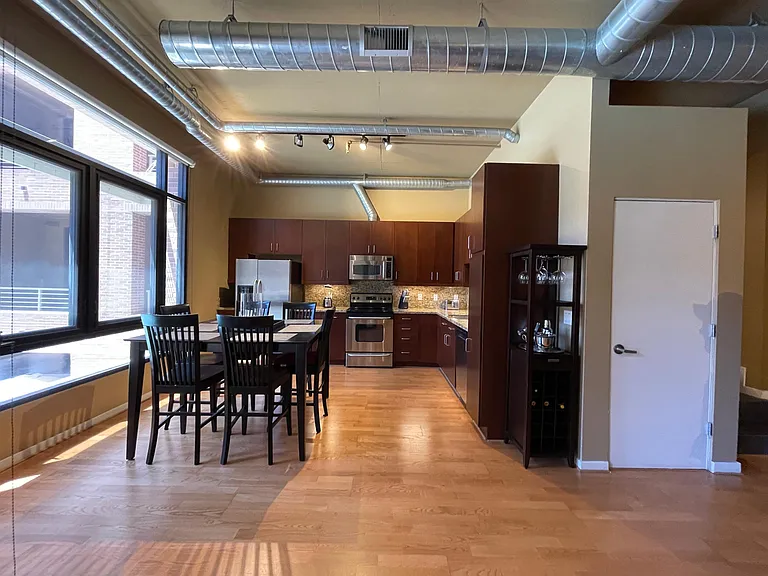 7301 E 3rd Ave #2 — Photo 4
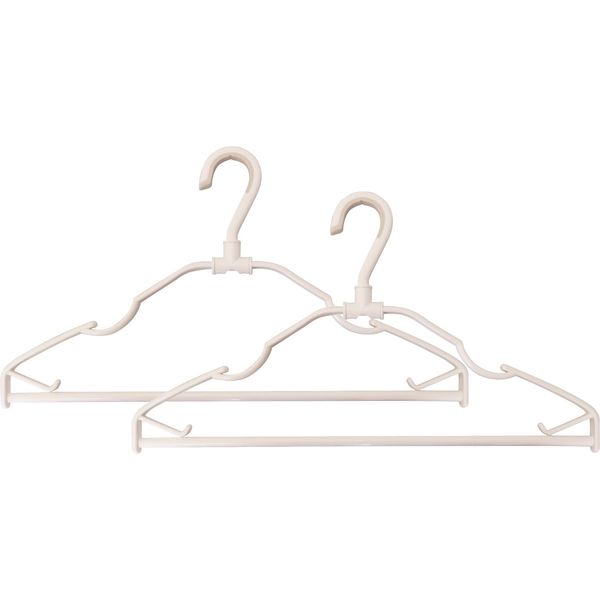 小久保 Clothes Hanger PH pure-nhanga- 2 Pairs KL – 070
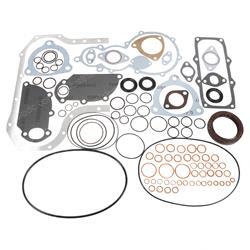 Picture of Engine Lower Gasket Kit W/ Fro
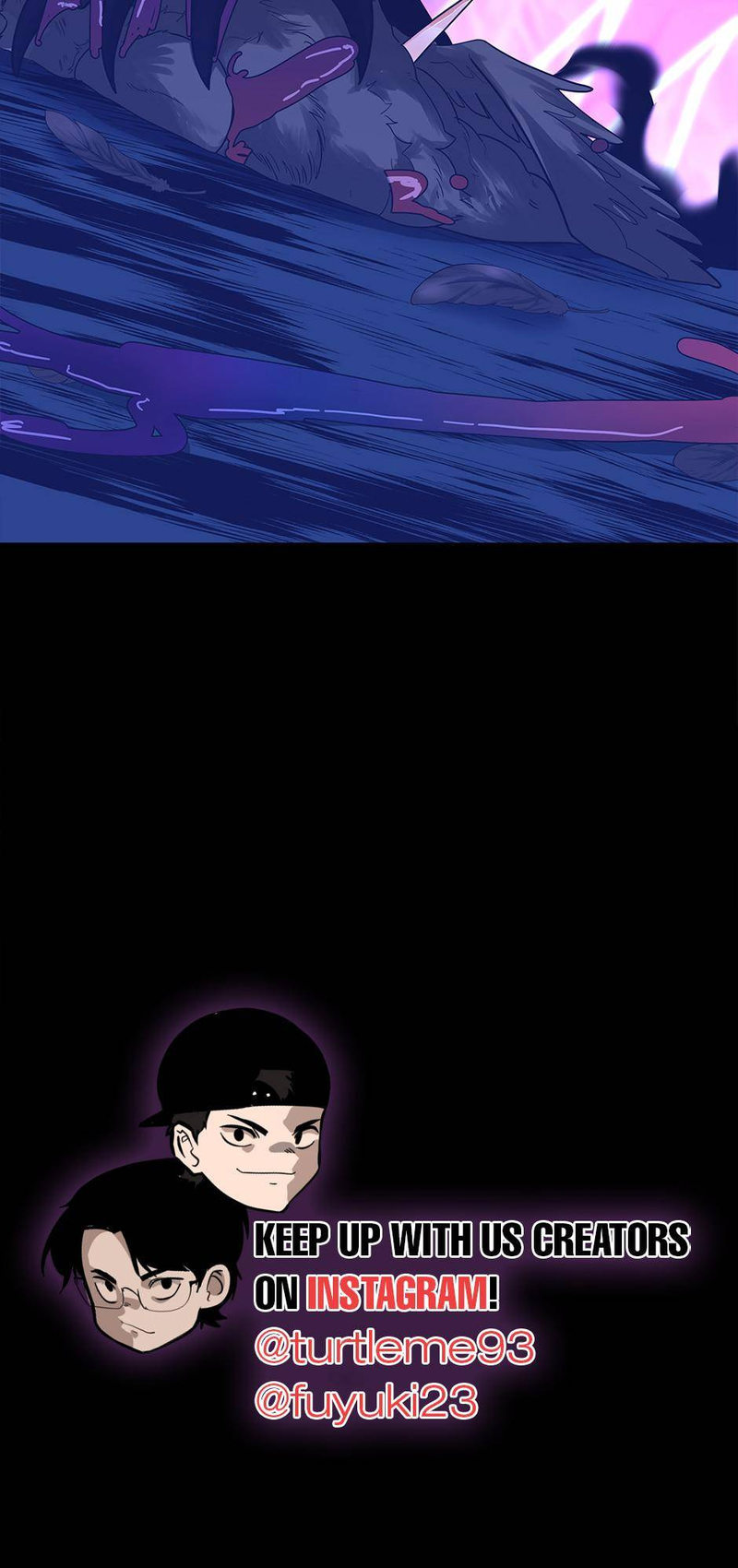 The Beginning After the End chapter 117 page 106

AIM OF THE EXERCISE.
Only the pictures are to be left out; print everything else in the listing exactly.

EXERCISE OUTPUT.
 7301 E 3rd Ave #2 — Photo 4
 小久保 Clothes Hanger PH pure-nhanga- 2 Pairs KL – 070
 Picture of Engine Lower Gasket Kit W/ Fro
 The Beginning After the End chapter 117 page 106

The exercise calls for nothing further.